GOAL OF THE EXERCISE
Without including pictures, set down every record exactly as it stands.

Captioned web image data:

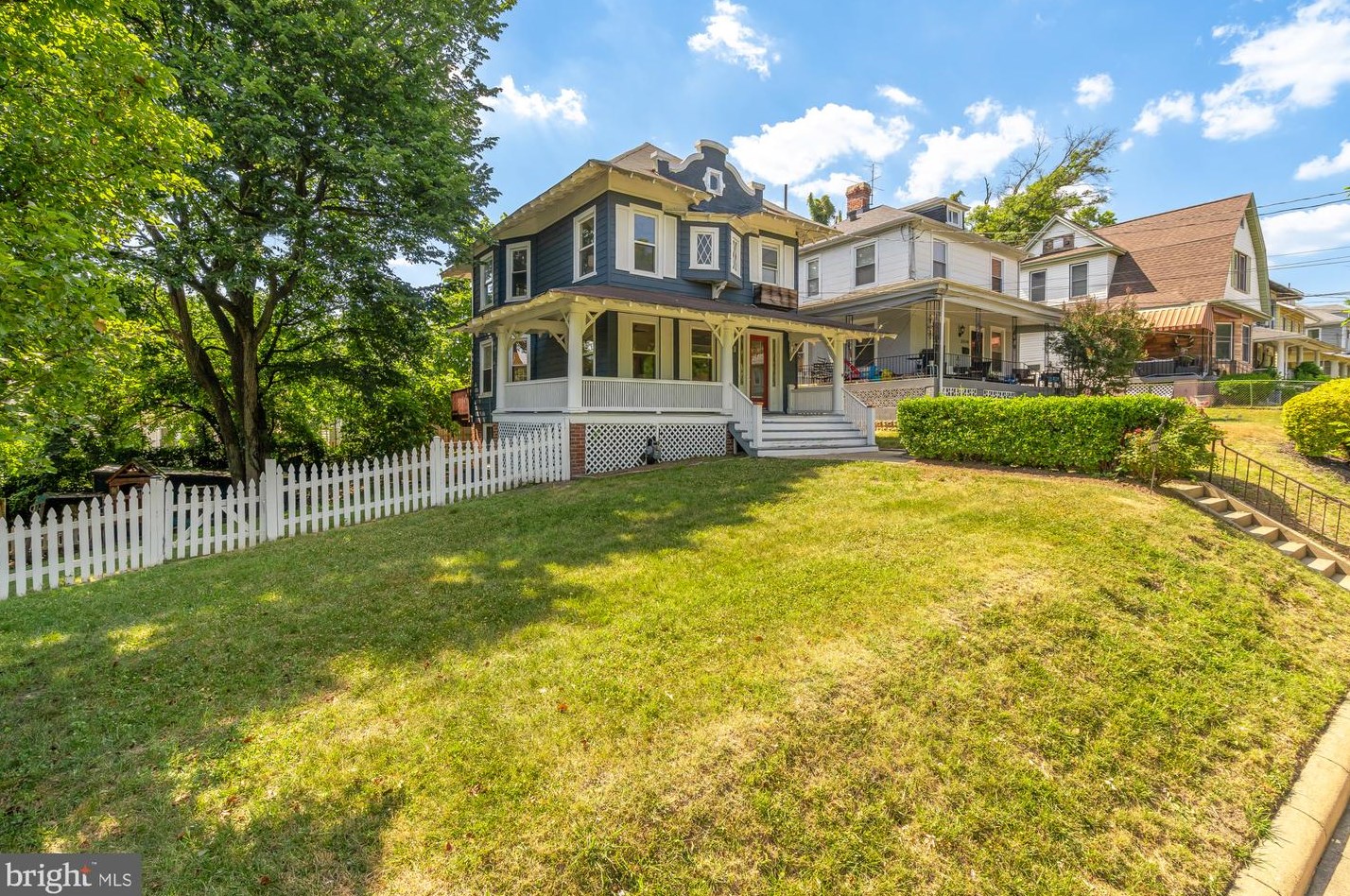 3002 25th St Ne, Washington, DC 20018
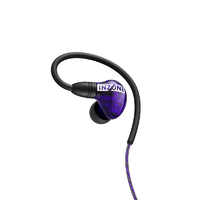 SONY ゲーミングヘッドセット INZONE E9 グラスパープル IER-G900V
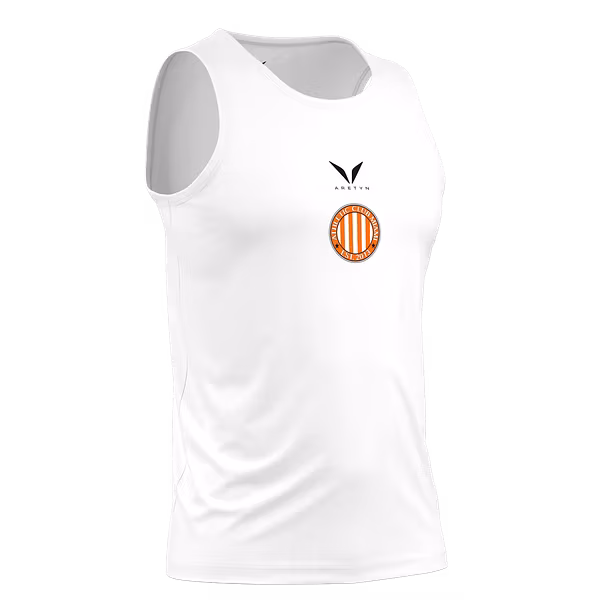 Athletic Club Miami Essential Men Supporter Tank Top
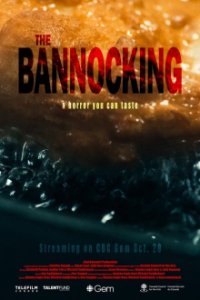 The Bannocking Cover, Poster, The Bannocking DVD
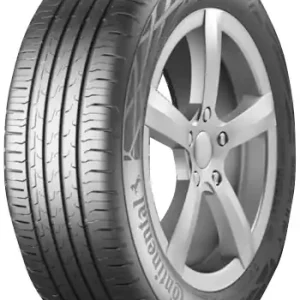 Vezi acum CONTINENTAL ECO6 RFT BMW 205/55 R16 91W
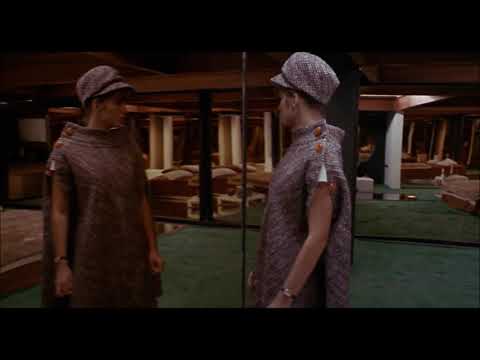 La Matriarca (1968) Via Due Torre 37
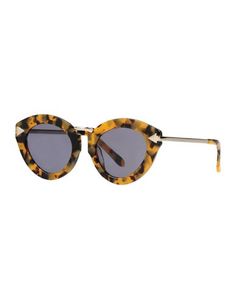 Солнечные очки Karen Walker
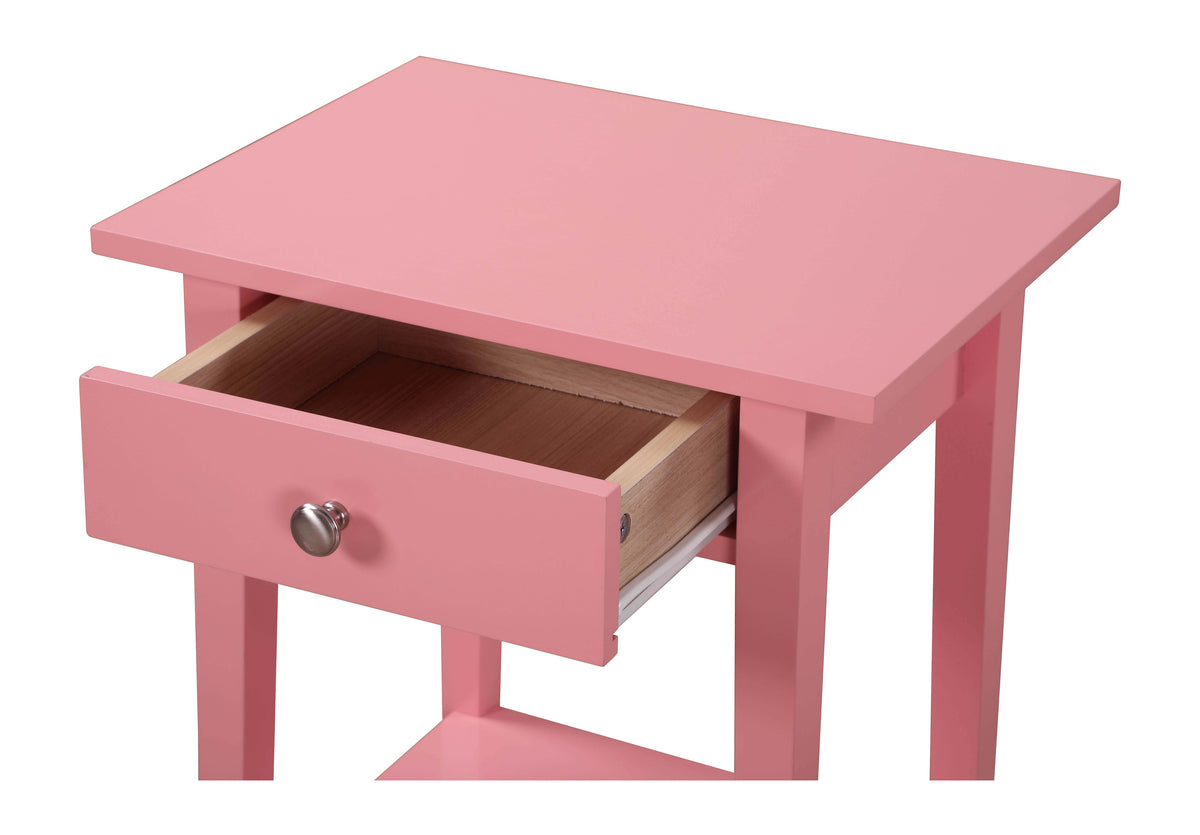 Dalton Nightstand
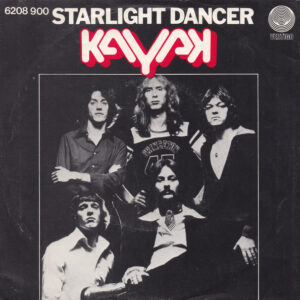 Single - Kayak - Starlight Dancer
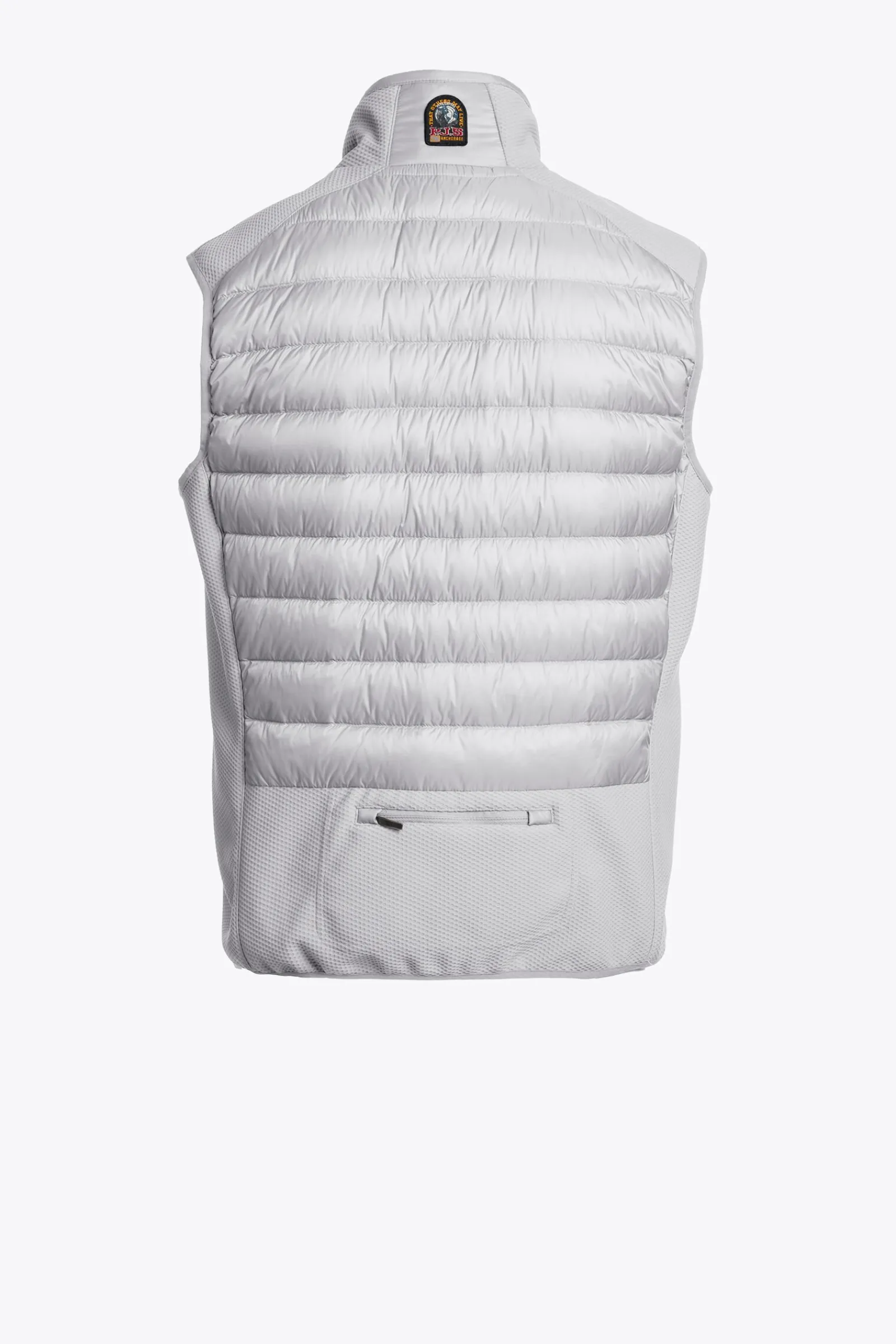 ZAVIER - GILET HYBRIDE*Parajumpers New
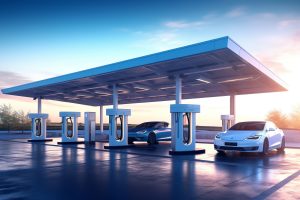 KSA EV Batteries Market Outlook 2030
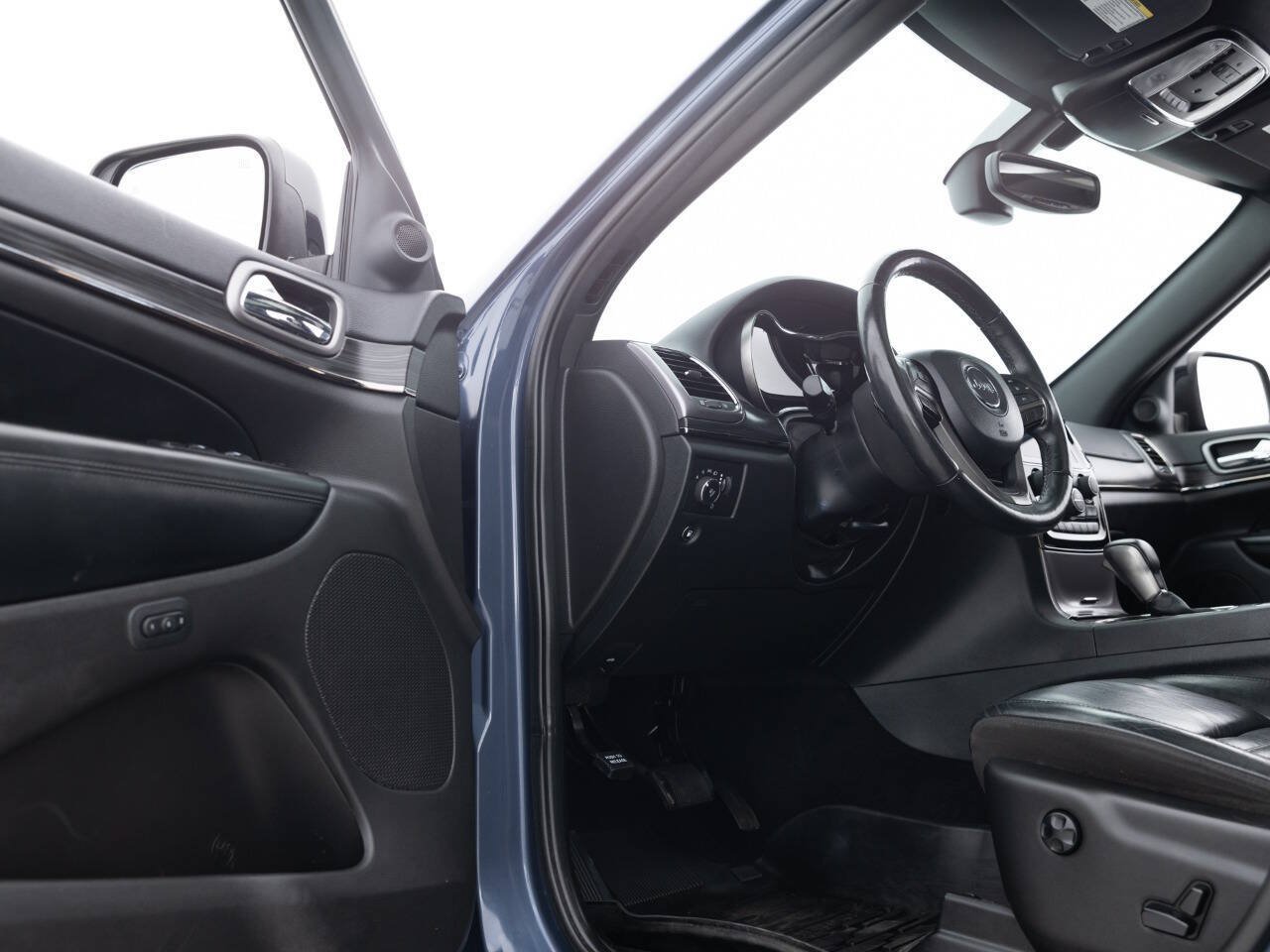 Used 2019 Jeep Grand Cherokee Limited X AWD/4WD image 24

OUTPUT FOR THIS TASK
 3002 25th St Ne, Washington, DC 20018
 SONY ゲーミングヘッドセット INZONE E9 グラスパープル IER-G900V
 Athletic Club Miami Essential Men Supporter Tank Top
 The Bannocking Cover, Poster, The Bannocking DVD
 Vezi acum CONTINENTAL ECO6 RFT BMW 205/55 R16 91W
 La Matriarca (1968) Via Due Torre 37
 Солнечные очки Karen Walker
 Dalton Nightstand
 Single - Kayak - Starlight Dancer
 ZAVIER - GILET HYBRIDE*Parajumpers New
 KSA EV Batteries Market Outlook 2030
 Used 2019 Jeep Grand Cherokee Limited X AWD/4WD image 24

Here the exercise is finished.